De même, s’agissant des personnes refoulées le rapport parvient à une estimation d’au moins 20 000 refoulements (6).
Ce texte de sept pages est, de fait, magnifique par sa sobriété même. Il constitue aussi bien un témoignage sur la persécution des Juifs que sur l’aide dont ceux-ci ont pu bénéficier en France, permettant le passage en Suisse. Un simple témoignage avec une manière de happy end minimaliste. L’histoire dans sa quotidienneté et sa simplicité. Sans doute aussi un petit film, traçant l’histoire de l’émigration juive de Pologne vers l’Occident : vers la Suisse d’abord, la France ensuite, suivie de l’odyssée que représente la Deuxième Guerre mondiale, le retour en France. Les deux enfants se retrouvent en Israël.
C. K. Mai 2008
Baden, février 1944
Madame Cécile Klein-Hechel Actuellement à Baden Rue de Zurich 51 À l’attention de l’honorable aide aux réfugiés,
Aux bons soins de M. le Pasteur Paul Vogt (7) Zurich Requête en vue d’obtenir une aide pour le soutien
de la soussignée et de son fils âgé de 4 ans. Le cours de ma vie en Suisse 1910-1927. |
Je suis Cécile Klein, née le 24 novembre 1905 à Ustryzky (Pologne), fille d’Israël et Anna Hechel (née Warscher). En 1910 je suis venue en Suisse avec mes parents. Ceux-ci se sont installés à Baden (8) où ma mère, âgée aujourd’hui de 80 ans, habite toujours (9). Mes parents étaient des Israélites de rite orthodoxe et c’est cette éducation que j’ai reçue. Nous menions une vie modeste, toujours soucieux de vivre en bonne entente avec tout le monde et de ne tomber à la charge de personne : nous y réussîmes.
À Baden j’ai fréquenté l’école publique, l’école commerciale locale et enfin l’école professionnelle du Musée des Métiers de la ville d’Aarau. Après avoir terminé le cycle de l’école publique j’ai entamé et achevé une formation professionnelle de tailleur-coupeur dans l’atelier de madame H. Flury-Maag. J’y ai terminé ma formation à sa pleine satisfaction. Lors des examens de fin d’apprentissage du canton d’Argovie, à Aarau, j’ai réussi à obtenir le quatrième rang parmi 72 apprenties. J’ai continué à travailler chez ma patronne, puis à mon compte, jusqu’à mon mariage.

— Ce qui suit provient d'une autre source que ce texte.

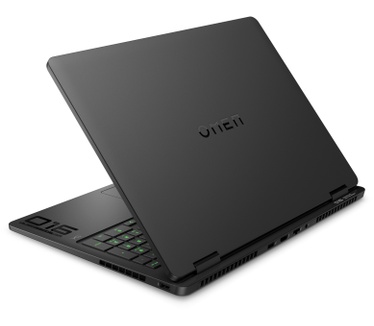 HP OMEN Slim Gaming Laptop 16-an0771nd NL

En 1927 j’ai épousé Charles Klein, né le 20 avril 1899 à Brezsko (Pologne). Nous sommes devenus français par naturalisation. De 1927 à 1939 nous avons habité à Sélestat, en Alsace, où nous étions connus comme dirigeant avec beaucoup d’attention et de soins un magasin de confection (la maison Jägert). Après quelques années nous en devînmes les propriétaires. Nous menions une bonne vie bourgeoise. J’ai participé à de nombreuses activités de bienfaisance, sans jamais tenir compte de la religion des personnes considérées. J’ai souvent hébergé des réfugiés d’Allemagne ou de Vienne, sans me douter que moi-même et ma famille aurions à connaître un sort aussi terrible.
Lorsque la guerre éclata en 1939 mon mari fut mobilisé et je me trouvai seule avec ma fille, alors âgée de douze ans. En novembre 1939 je mis au monde un deuxième enfant.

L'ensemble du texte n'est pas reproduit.